— RECORDS FOR THIS TASK —
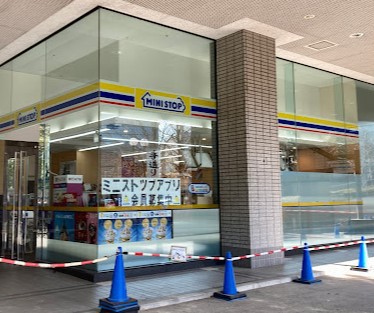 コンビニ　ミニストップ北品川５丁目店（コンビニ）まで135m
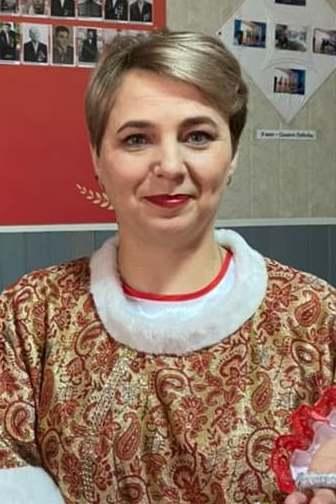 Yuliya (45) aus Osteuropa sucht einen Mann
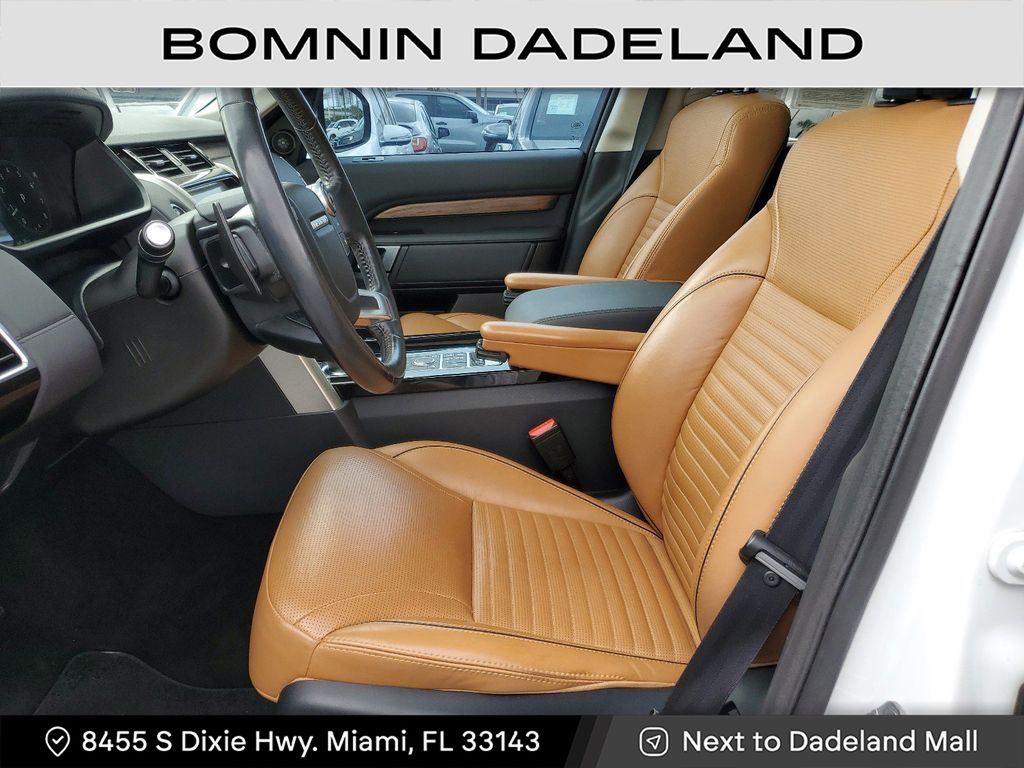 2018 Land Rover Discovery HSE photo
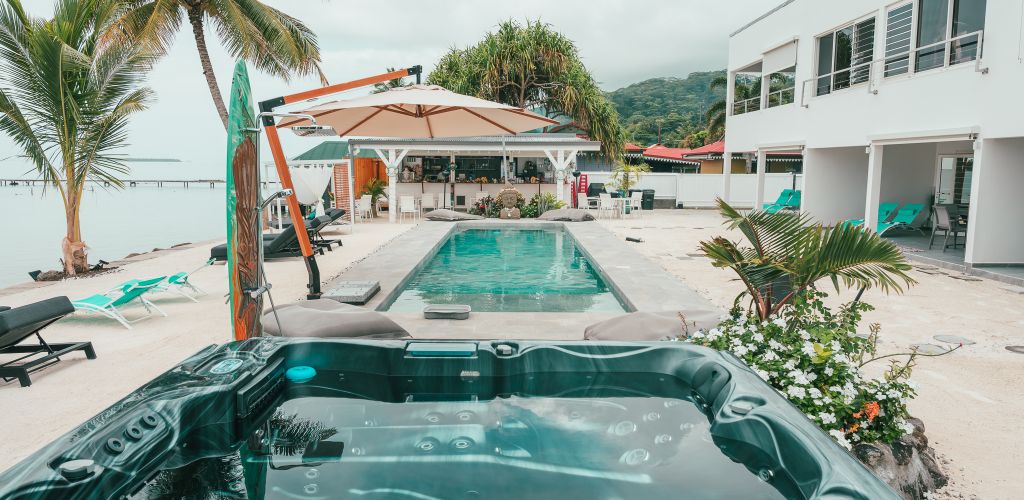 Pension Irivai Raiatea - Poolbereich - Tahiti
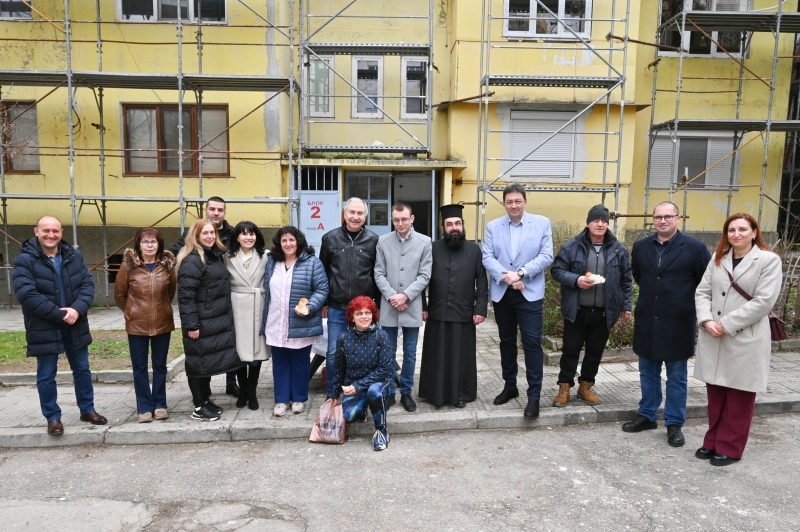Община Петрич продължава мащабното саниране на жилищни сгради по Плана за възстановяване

— GOAL OF THE EXERCISE —
Extract the lines beginning with the one that contains "Pension Irivai Raiatea" and ending with the last line of the listing. Keep them exact and drop the pictures.

— ANSWER FOR THIS EXERCISE —
 Pension Irivai Raiatea - Poolbereich - Tahiti
Община Петрич продължава мащабното саниране на жилищни сгради по Плана за възстановяване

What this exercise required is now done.